Information.
+ + + + +
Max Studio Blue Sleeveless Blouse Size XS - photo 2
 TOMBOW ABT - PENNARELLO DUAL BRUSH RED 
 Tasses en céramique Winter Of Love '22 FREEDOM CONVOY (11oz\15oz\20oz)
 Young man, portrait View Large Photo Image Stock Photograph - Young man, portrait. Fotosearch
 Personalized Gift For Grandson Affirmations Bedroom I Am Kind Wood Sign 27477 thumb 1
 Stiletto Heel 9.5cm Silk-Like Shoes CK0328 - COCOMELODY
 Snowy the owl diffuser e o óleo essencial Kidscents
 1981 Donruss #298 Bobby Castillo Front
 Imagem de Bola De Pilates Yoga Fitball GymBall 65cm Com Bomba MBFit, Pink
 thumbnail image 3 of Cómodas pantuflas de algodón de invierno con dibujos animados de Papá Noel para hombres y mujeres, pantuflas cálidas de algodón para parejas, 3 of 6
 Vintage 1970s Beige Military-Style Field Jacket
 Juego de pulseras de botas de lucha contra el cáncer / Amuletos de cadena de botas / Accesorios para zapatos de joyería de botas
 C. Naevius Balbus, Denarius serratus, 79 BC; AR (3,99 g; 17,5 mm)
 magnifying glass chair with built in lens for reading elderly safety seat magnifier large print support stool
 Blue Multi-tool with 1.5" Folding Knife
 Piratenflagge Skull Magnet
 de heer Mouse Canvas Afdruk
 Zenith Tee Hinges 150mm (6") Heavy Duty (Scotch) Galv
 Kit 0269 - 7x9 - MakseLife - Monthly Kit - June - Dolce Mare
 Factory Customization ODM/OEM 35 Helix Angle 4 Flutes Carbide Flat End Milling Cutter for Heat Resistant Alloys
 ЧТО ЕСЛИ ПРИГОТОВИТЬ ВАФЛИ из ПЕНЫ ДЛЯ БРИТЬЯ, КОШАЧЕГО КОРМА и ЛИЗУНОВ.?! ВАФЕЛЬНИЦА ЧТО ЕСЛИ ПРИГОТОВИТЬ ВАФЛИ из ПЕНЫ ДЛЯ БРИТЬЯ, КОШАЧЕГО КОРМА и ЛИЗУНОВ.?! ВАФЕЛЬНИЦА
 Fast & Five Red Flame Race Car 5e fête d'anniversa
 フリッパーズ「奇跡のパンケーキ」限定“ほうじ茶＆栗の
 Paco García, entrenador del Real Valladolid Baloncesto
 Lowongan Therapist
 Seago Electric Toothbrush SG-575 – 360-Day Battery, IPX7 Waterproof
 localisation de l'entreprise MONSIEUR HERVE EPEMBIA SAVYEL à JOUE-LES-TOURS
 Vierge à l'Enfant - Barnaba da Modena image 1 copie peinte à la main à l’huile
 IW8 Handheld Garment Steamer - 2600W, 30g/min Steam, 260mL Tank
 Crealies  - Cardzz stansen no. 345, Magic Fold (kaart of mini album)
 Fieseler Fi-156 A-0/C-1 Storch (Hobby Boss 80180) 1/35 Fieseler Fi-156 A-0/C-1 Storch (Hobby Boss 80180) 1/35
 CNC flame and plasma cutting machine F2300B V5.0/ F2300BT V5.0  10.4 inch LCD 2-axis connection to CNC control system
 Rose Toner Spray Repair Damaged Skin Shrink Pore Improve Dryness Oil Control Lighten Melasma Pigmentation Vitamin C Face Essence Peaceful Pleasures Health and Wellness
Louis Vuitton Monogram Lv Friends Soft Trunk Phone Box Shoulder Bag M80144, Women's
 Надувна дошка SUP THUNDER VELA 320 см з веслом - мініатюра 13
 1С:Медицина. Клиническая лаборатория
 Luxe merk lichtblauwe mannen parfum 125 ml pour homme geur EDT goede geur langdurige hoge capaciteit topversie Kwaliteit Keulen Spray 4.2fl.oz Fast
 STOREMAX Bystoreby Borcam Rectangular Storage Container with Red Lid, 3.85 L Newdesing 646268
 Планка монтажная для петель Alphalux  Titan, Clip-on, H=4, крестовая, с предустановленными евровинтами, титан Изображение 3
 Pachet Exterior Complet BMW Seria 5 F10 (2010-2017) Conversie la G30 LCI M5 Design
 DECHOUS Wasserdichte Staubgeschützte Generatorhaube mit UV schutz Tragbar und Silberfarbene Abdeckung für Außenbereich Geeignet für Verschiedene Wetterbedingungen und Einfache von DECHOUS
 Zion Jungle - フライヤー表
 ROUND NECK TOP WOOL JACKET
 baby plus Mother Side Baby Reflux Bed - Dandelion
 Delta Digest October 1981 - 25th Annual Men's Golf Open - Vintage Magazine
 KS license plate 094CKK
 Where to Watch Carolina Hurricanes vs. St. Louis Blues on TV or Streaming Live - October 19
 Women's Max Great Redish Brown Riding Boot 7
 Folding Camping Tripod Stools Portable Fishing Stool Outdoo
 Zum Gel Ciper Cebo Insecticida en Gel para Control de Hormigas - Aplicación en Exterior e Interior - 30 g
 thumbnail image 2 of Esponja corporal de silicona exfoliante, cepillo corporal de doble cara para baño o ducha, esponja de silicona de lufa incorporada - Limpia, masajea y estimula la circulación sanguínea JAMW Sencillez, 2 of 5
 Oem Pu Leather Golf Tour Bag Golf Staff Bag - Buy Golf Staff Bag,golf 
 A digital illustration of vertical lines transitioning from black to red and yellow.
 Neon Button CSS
+ + + + +
I would like you to restate word for word the lines from the one with "Where to Watch" through the last line of the material above, and only those.

 Where to Watch Carolina Hurricanes vs. St. Louis Blues on TV or Streaming Live - October 19
 Women's Max Great Redish Brown Riding Boot 7
 Folding Camping Tripod Stools Portable Fishing Stool Outdoo
 Zum Gel Ciper Cebo Insecticida en Gel para Control de Hormigas - Aplicación en Exterior e Interior - 30 g
 thumbnail image 2 of Esponja corporal de silicona exfoliante, cepillo corporal de doble cara para baño o ducha, esponja de silicona de lufa incorporada - Limpia, masajea y estimula la circulación sanguínea JAMW Sencillez, 2 of 5
 Oem Pu Leather Golf Tour Bag Golf Staff Bag - Buy Golf Staff Bag,golf 
 A digital illustration of vertical lines transitioning from black to red and yellow.
 Neon Button CSS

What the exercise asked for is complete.